— Description of the task —
Reproduce word for word every line from the one containing "this 1000×666 image." through the end of the listing below; omit the pictures.

Data records: Begin

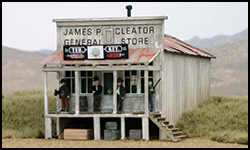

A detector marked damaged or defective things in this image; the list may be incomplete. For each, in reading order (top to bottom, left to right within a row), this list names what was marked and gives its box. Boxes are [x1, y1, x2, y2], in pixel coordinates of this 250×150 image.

rusty tin roof [41, 47, 160, 64]
rusty tin roof [164, 33, 215, 58]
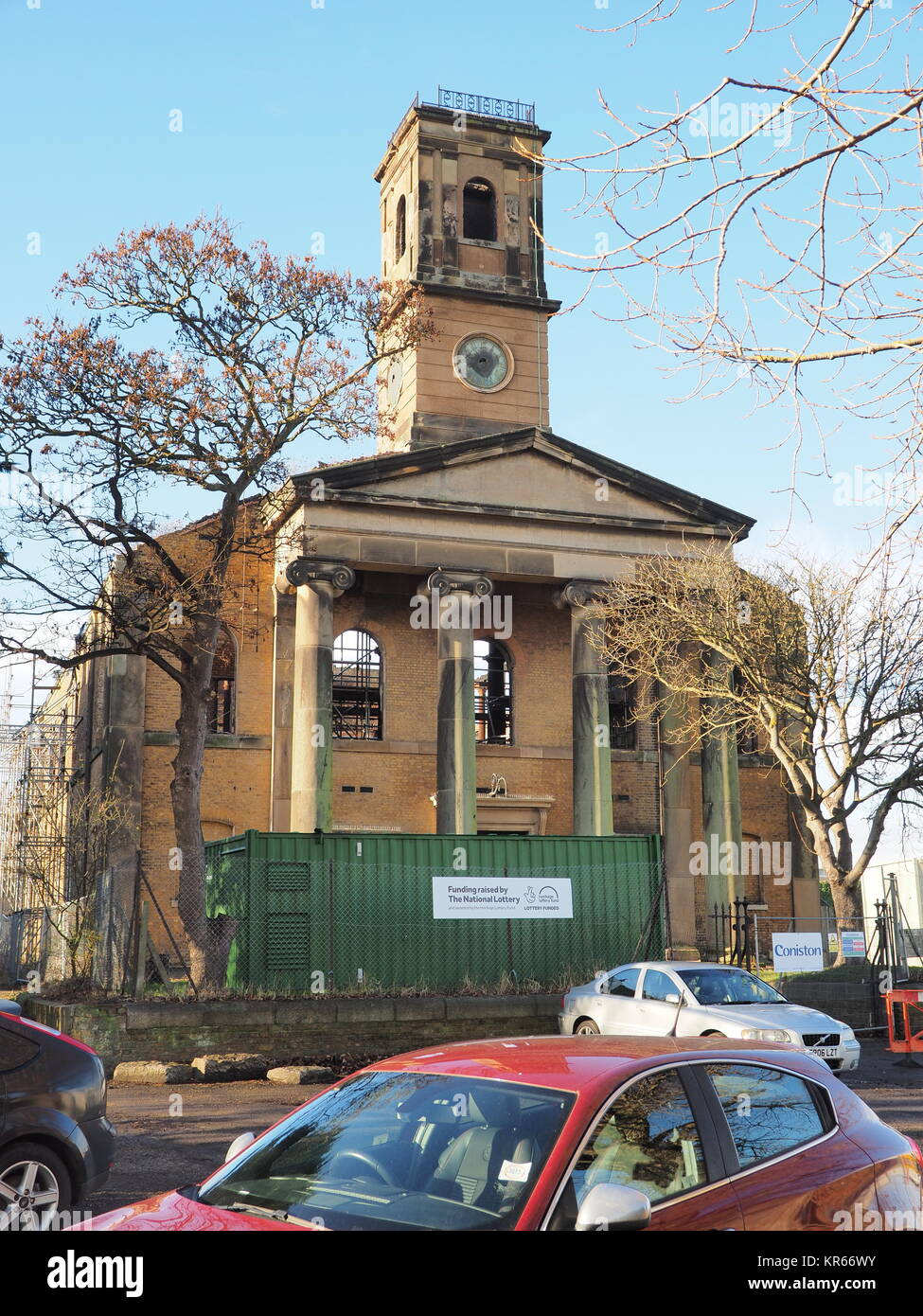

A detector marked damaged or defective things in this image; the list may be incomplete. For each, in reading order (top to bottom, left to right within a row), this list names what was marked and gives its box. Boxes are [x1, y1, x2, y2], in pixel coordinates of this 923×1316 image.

burnt window opening [460, 179, 497, 243]
burnt window opening [207, 629, 235, 737]
burnt window opening [331, 629, 382, 741]
burnt window opening [473, 639, 510, 747]
burnt window opening [605, 668, 634, 753]
burnt window opening [732, 668, 758, 753]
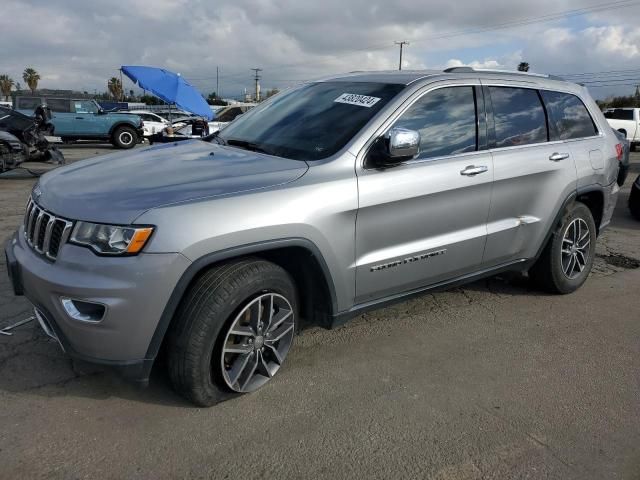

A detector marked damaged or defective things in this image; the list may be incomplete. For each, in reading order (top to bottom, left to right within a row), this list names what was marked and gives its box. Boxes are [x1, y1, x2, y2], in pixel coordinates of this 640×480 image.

wrecked vehicle [0, 105, 64, 174]
cracked asphalt [1, 144, 640, 478]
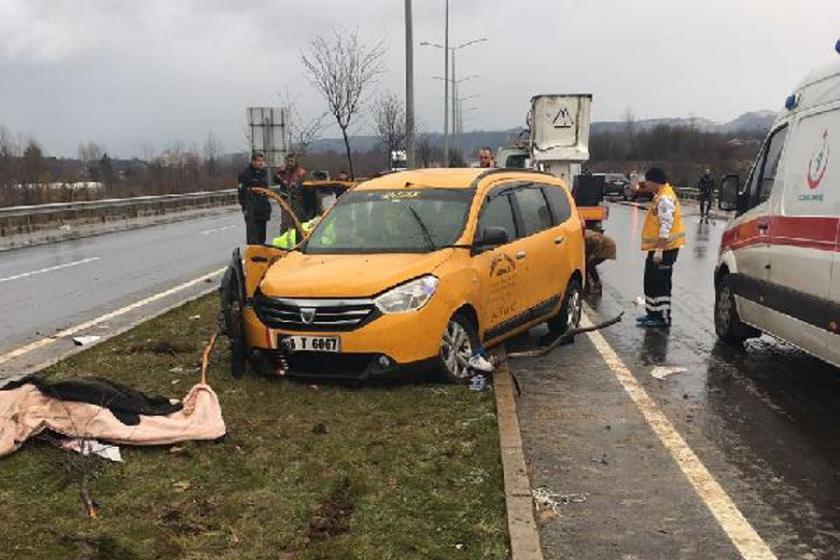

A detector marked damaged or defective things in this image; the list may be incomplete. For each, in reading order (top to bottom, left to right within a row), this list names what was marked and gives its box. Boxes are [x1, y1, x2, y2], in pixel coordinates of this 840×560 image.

crashed vehicle [221, 168, 584, 382]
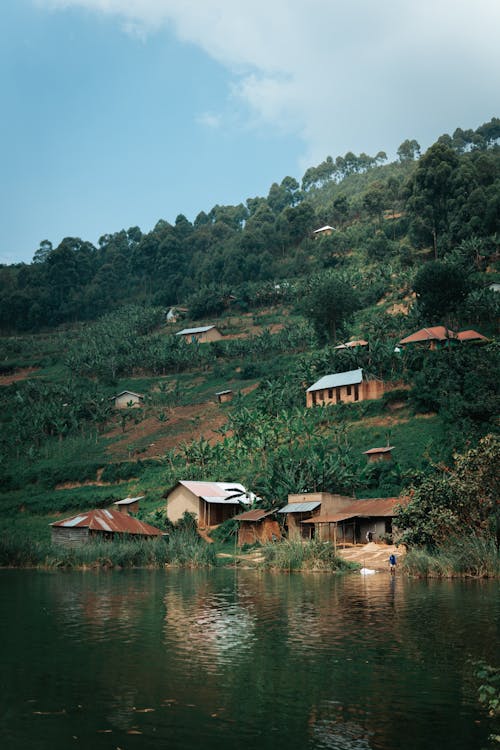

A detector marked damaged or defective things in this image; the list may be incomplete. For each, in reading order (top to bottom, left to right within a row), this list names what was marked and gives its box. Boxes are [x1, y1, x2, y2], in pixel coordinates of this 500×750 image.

rusty corrugated roof [51, 508, 163, 536]
rusty corrugated roof [300, 500, 406, 524]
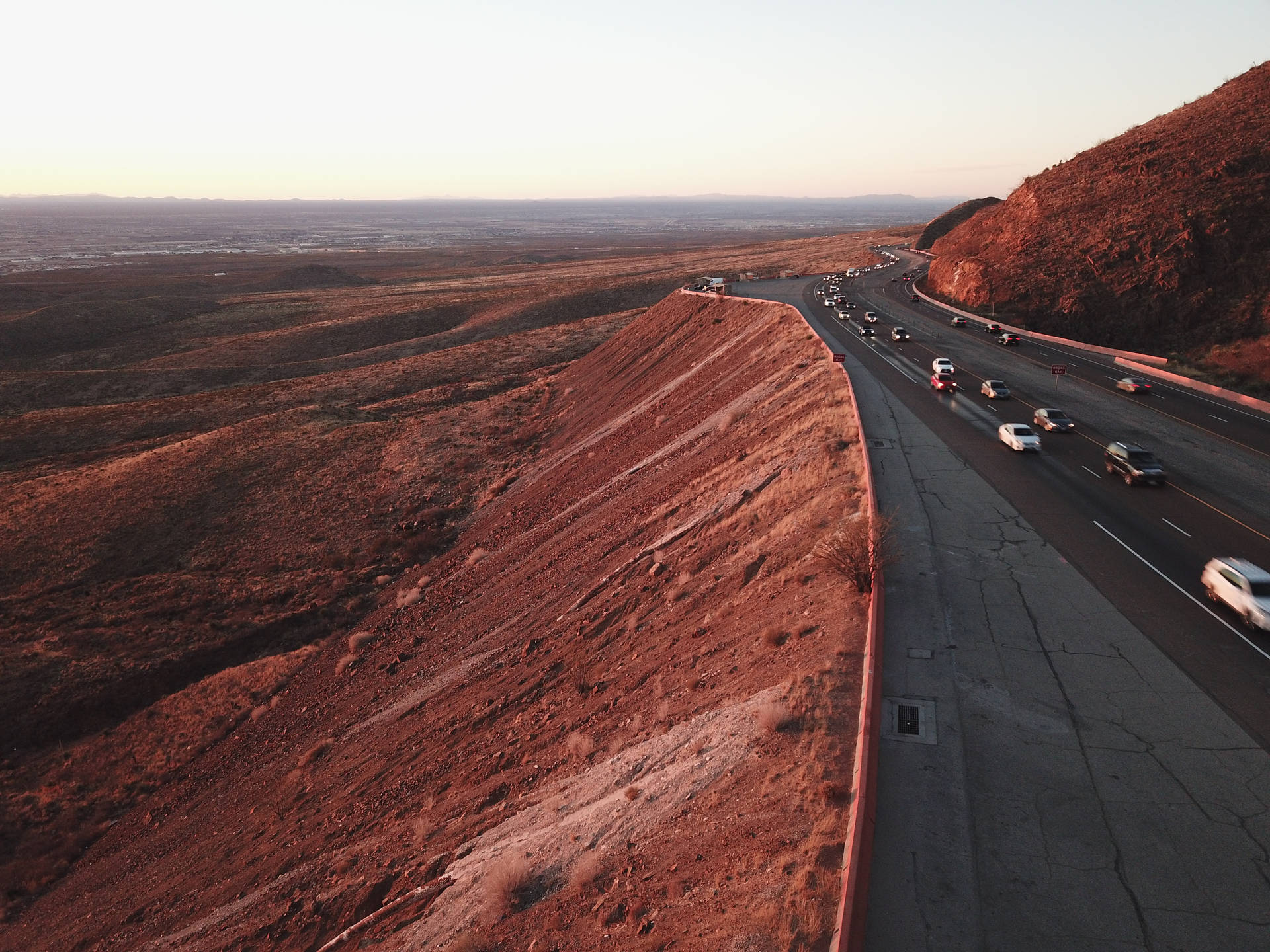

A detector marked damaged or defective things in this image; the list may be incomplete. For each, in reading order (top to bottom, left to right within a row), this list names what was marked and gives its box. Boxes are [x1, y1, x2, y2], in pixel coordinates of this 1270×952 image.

cracked asphalt [736, 279, 1270, 952]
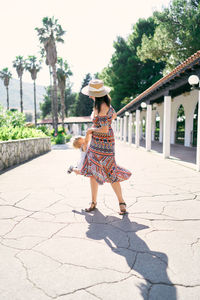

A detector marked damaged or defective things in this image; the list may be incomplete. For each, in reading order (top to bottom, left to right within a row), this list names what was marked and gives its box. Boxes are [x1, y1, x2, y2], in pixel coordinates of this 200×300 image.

cracked concrete pavement [0, 141, 200, 300]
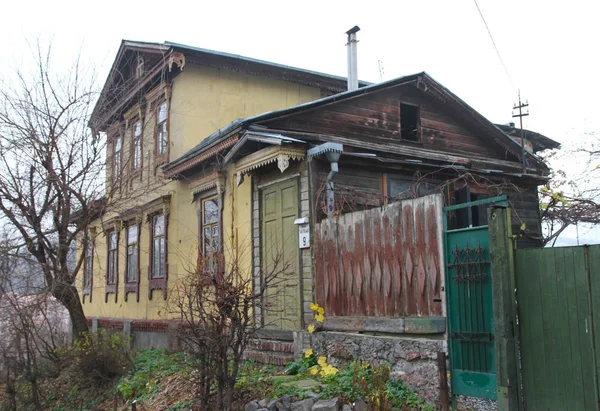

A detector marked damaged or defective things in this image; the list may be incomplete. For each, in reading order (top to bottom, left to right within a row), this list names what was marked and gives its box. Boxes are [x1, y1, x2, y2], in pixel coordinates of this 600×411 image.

rusty metal panel [314, 194, 446, 318]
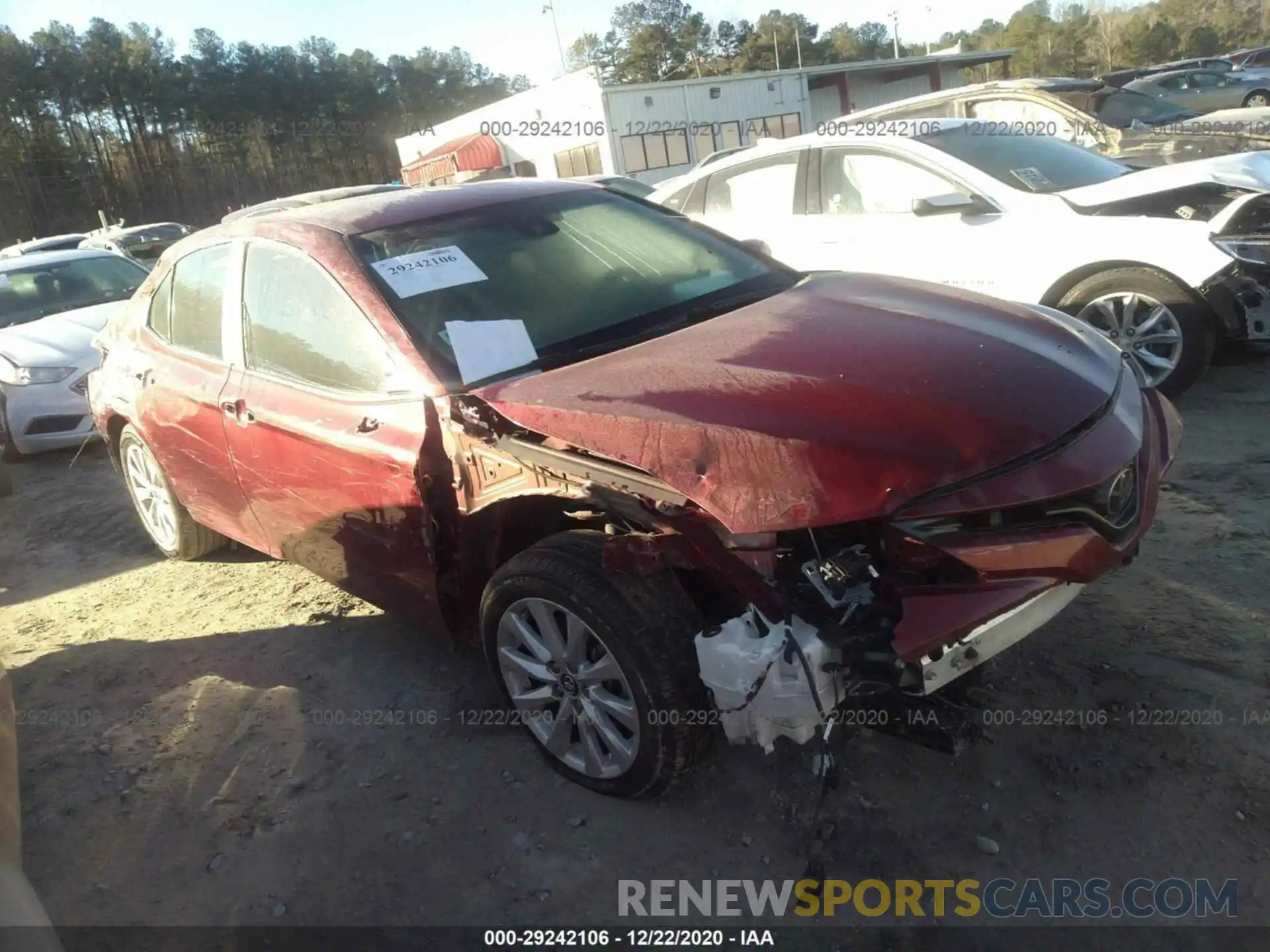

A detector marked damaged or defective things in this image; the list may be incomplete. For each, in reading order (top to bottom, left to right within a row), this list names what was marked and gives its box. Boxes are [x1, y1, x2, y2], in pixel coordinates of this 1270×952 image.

crumpled hood [0, 301, 125, 368]
dented driver door [223, 238, 446, 627]
parked damaged car [89, 182, 1178, 802]
crumpled hood [475, 274, 1122, 538]
parked damaged car [650, 124, 1270, 398]
parked damaged car [848, 79, 1270, 169]
crumpled hood [1062, 149, 1270, 208]
missing front bumper [919, 581, 1087, 695]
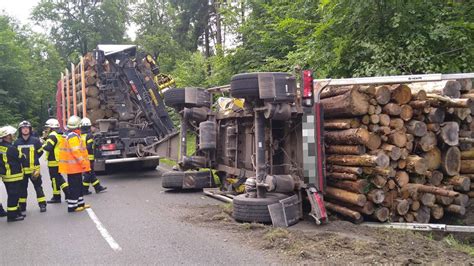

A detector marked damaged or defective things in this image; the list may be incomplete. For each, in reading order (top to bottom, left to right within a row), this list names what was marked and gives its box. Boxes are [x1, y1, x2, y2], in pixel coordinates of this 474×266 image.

overturned truck [160, 71, 474, 225]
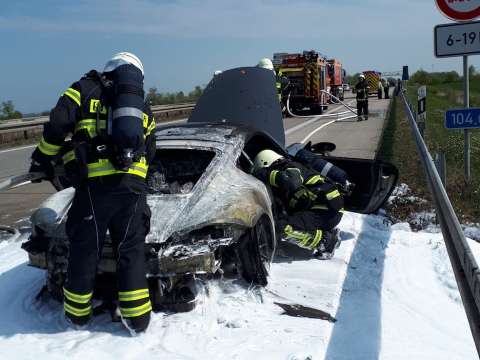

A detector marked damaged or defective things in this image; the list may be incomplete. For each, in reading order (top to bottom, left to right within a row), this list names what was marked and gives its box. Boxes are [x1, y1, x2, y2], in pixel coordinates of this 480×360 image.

burned car [21, 67, 398, 316]
charred car body [22, 67, 398, 316]
burned wheel [235, 215, 274, 286]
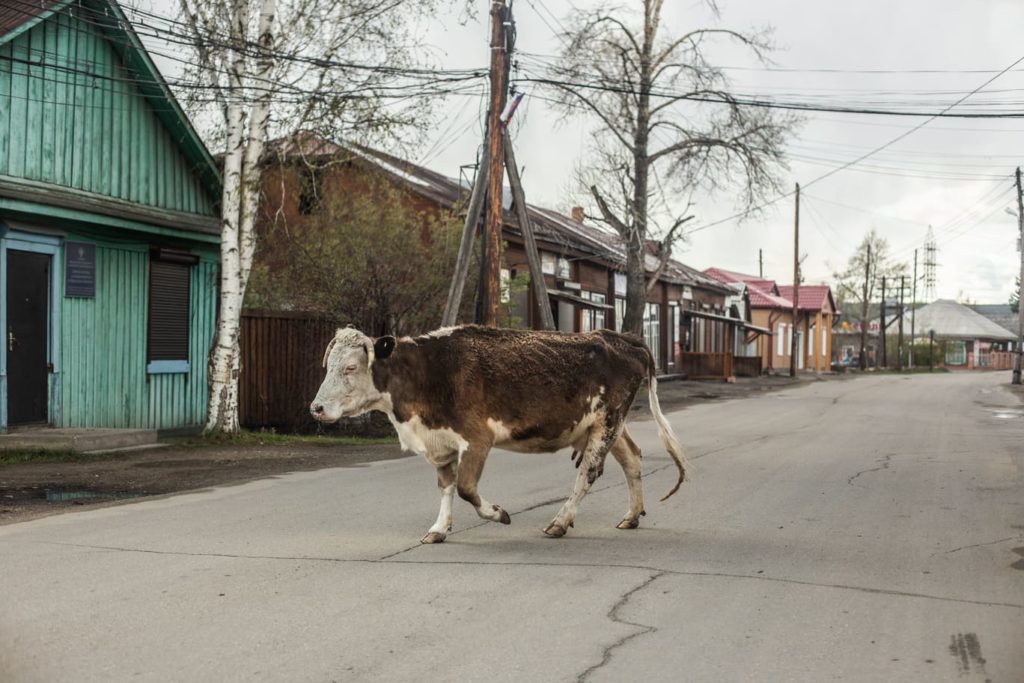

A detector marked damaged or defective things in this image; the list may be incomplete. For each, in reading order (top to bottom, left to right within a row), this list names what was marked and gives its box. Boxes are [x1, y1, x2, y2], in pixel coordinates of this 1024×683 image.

crack in asphalt [18, 540, 1024, 610]
crack in asphalt [573, 573, 667, 683]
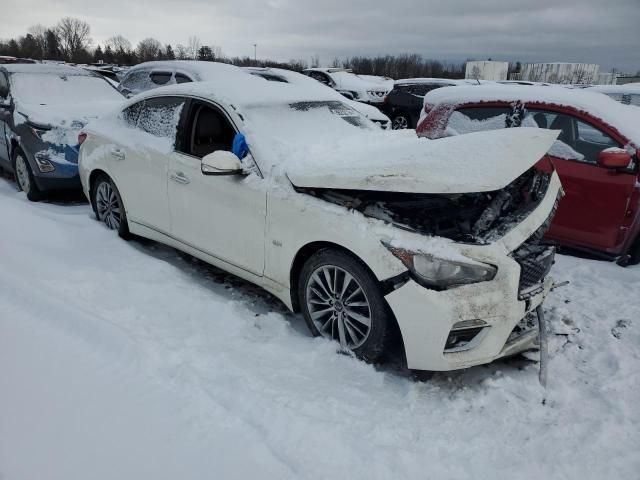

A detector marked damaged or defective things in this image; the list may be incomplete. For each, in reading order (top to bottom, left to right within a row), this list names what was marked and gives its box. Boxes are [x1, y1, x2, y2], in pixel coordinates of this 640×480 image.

crumpled hood [284, 129, 560, 195]
damaged bumper [384, 172, 560, 372]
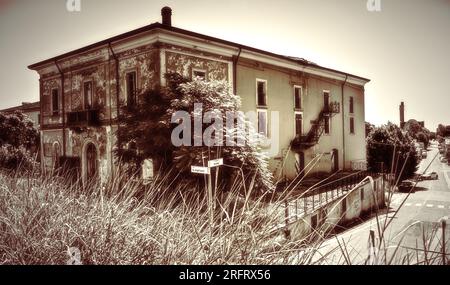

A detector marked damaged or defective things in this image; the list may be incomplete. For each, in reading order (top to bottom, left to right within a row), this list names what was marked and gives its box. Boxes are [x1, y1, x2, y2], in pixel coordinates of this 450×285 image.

peeling plaster facade [29, 17, 370, 183]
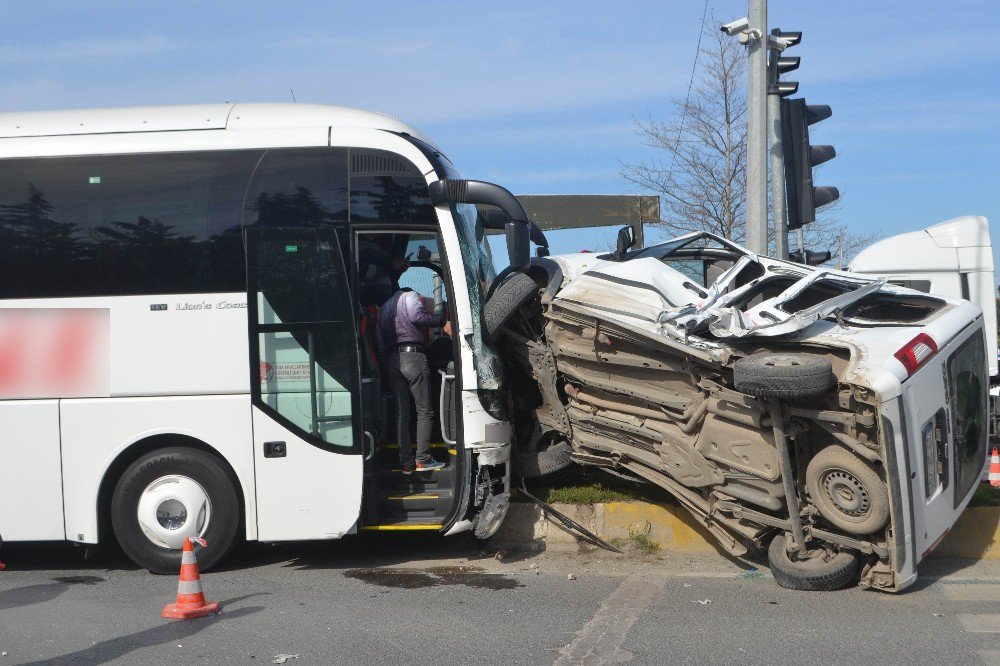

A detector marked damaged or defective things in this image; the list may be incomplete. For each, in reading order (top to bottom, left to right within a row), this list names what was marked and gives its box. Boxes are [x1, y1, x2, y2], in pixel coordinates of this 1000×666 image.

damaged bus front [488, 232, 988, 592]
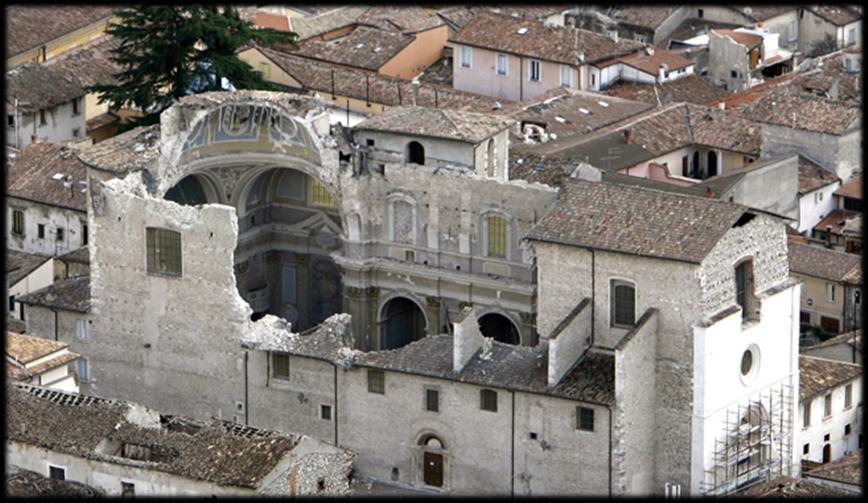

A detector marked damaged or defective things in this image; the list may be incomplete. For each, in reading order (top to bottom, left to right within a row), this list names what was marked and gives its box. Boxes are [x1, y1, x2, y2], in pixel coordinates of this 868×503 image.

Data records: End

— Finished task —
A detector marked damaged or defective things in this image; the list may be incomplete. For each, in reading order (top to bottom, left to right within a row), this list names what was marked and gives its box. Boxes are [x1, y1, x2, y2], in pixel coordinates of this 1000×666 image.

damaged bus front [488, 232, 988, 592]

A detector marked damaged or defective things in this image; the list may be incomplete. For each, in reading order (top to bottom, left to right within a row), this list names what was marked and gives its box. Boxes are [x1, y1, x2, y2], in pixel coordinates of this 868×503 image.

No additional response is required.